Tuan, one of 2,000 Vietnamese children evacuated by the U.S. government during "Operation Babylift," in the final days of the Saigon regime in April 1975, was the center of a custody battle between his natural mother and his American foster parents, Mr. and Mrs. David Pederson of Royal Oak.
Kuhn, in ruling that the rights of the natural mother took precedence over those of the foster parents, found that the Pedersons had failed to prove Mrs. Van an unfit mother. The Pedersons had attempted to prove that Mrs. Van had "abandoned" Tuan when she left him in a Saigon orphanage to ensure his safe passage to the U.S. But Henry Baskin, Mrs. Van's ACLU attorney, pointed out that she had never signed a legal release for adoption.
Judge Kuhn also took note of the fact that while Tuan was born Catholic, the Pedersons planned to raise him as a Lutheran.

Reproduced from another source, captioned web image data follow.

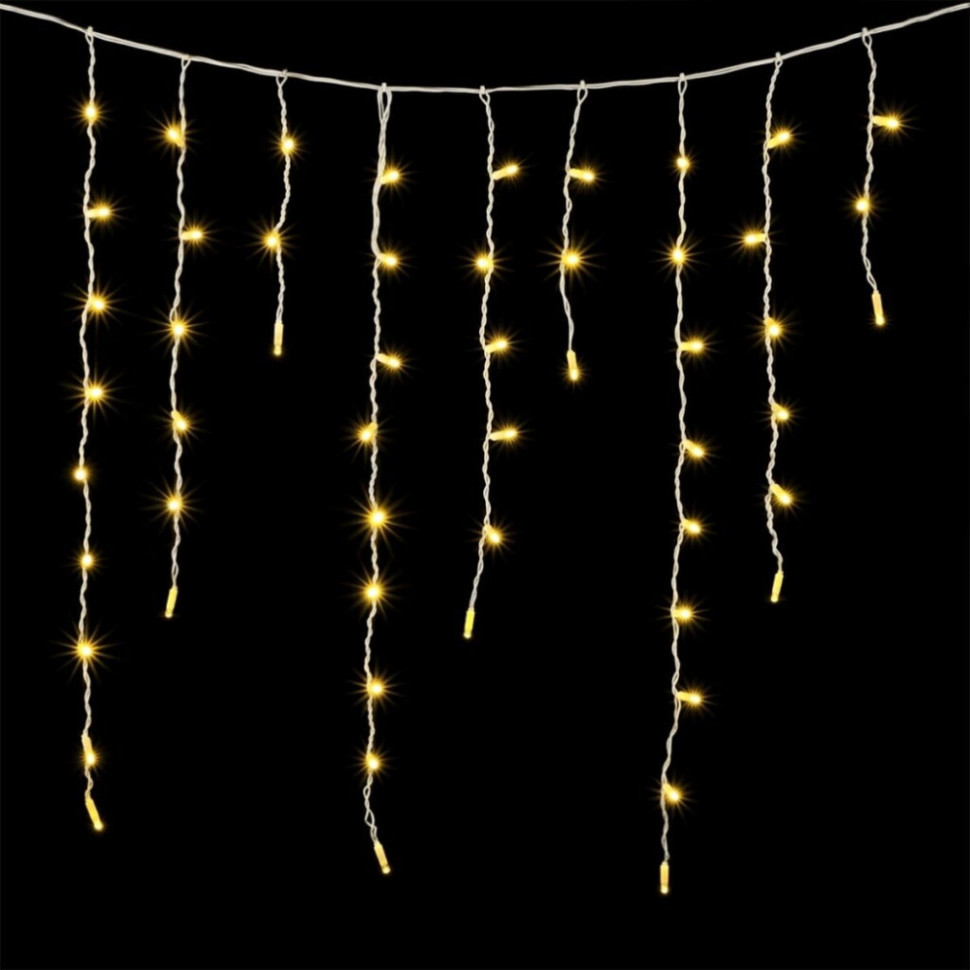 Гирлянда Бахрома PIL180CAP-10-2WW Laitcom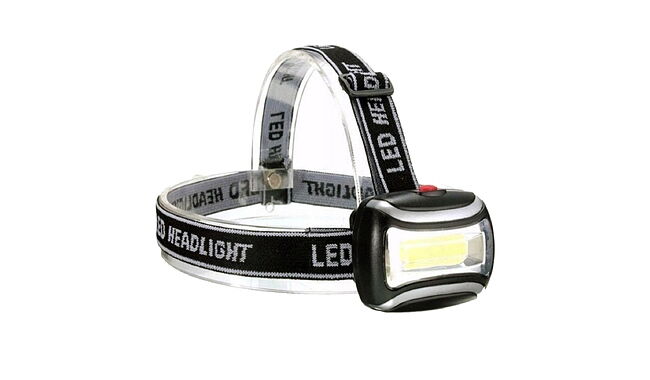 Ліхтар Newt Headlamp NE-LP-706 - фото 1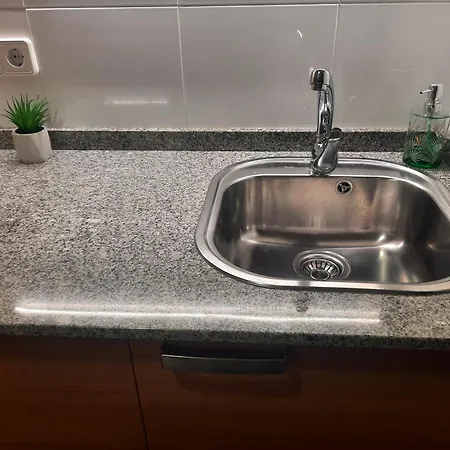 Nextgarden Apartmán *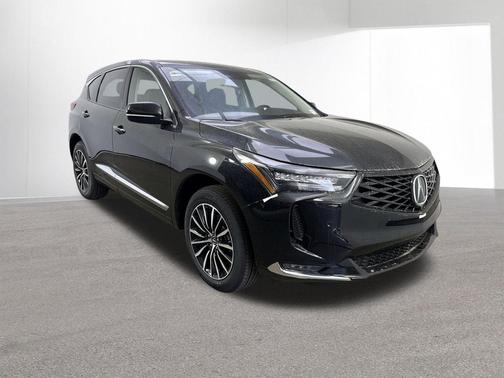 Nh-893p 2026 Acura RDX Advance Package
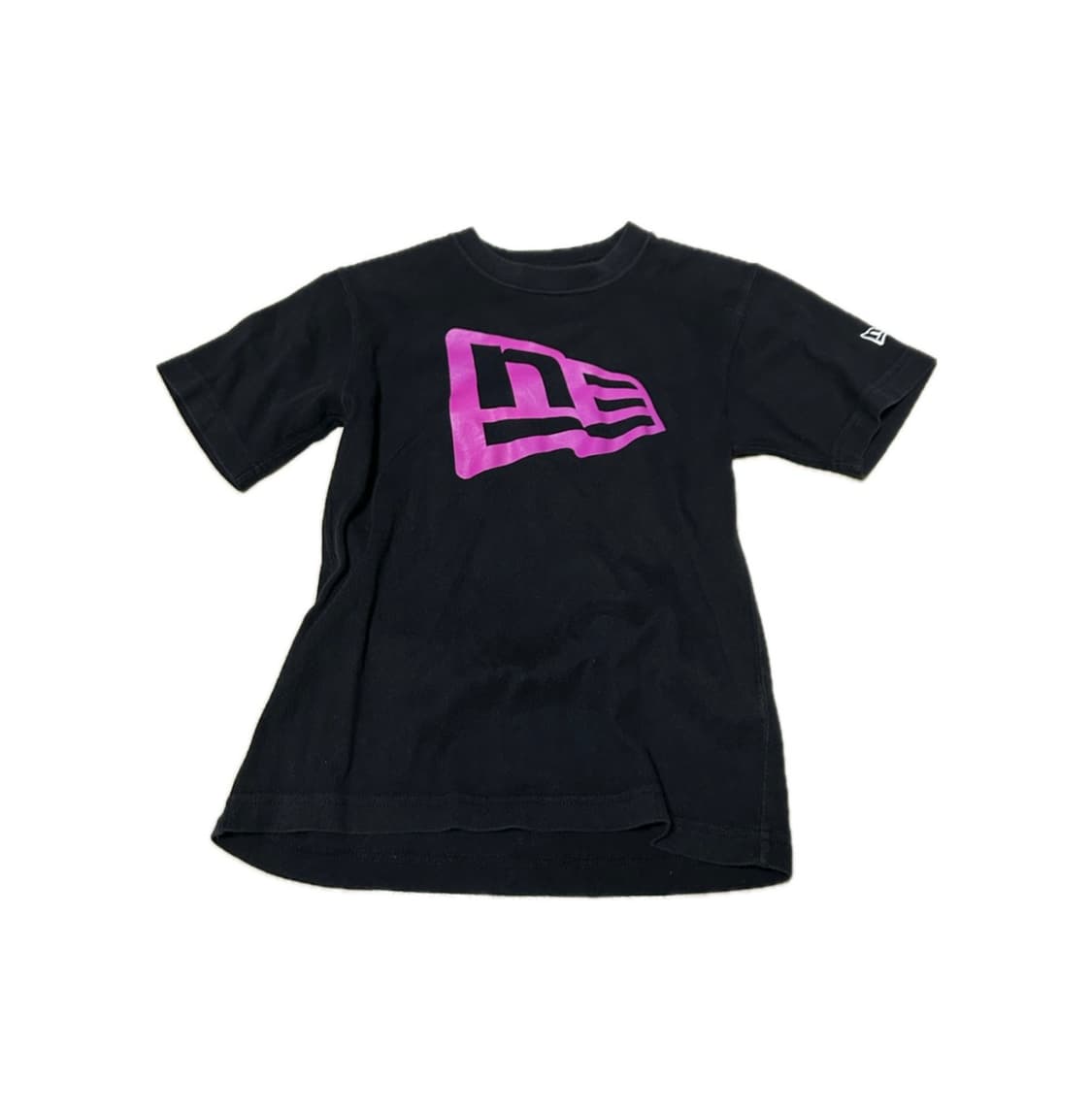 빈티지 뉴발란스 반팔 상품이미지1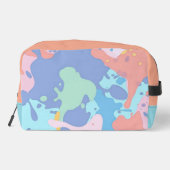 汚れの汚れのパタ絵を描ーン ドップキット (裏面)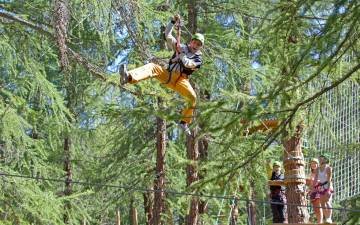 Larix Park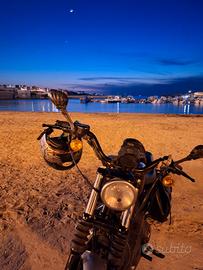 Harley davidson sporster 1200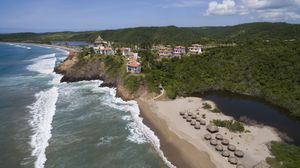 Punta Serena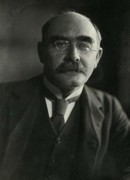 Редьярд Джозеф Киплинг (Joseph Rudyard Kipling)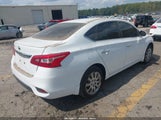 Nissan Sentra S 3N1AB7AP6HY256439 снимка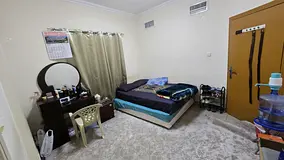Private room with Exclusive Washroom for rent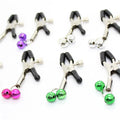 Adjustable Metal Nipple Clamps – image 7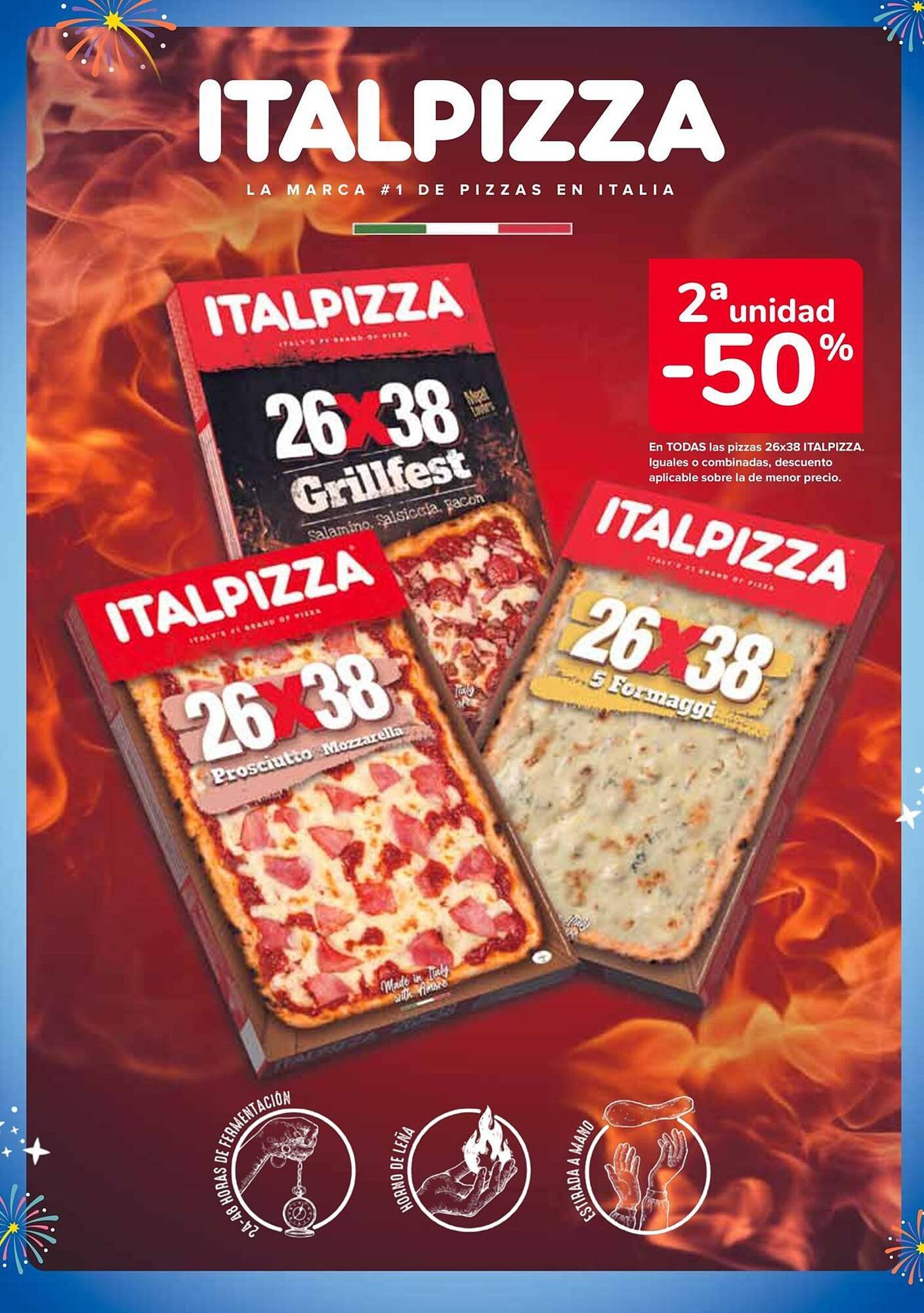 Folleto Carrefour (2025-10-14 - 2025-10-27)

"During the hearing, it became clear that the Pedersons had used stonewalling tactics to keep Tuan away from Mrs. Van," said Jess Fill, Baskin's assistant. "They received a letter in August 1975 stating that Tuan was not available for adoption, yet they proceeded with the adoption."
Just before the "fall" of Saigon (and the rise of Ho Chi Minh City), orphanages functioned like day care centers for parents unable to care for their children, due to the ravages of war. Most parents never intended for these children to be adopted.
Tuan's case was the second recent decision returning these children to their relatives. A similar case in Iowa was also decided in favor of the natural mother.
Fill, who was present when Tuan was returned to Mrs. Van, said Tuan was well-behaved and apparently not upset upon leaving the Pedersons, who do not plan to appeal the decision.
Tuan and Mrs. Van will live in Green Bay, Wisconsin, where Mrs. Van is studying nursing.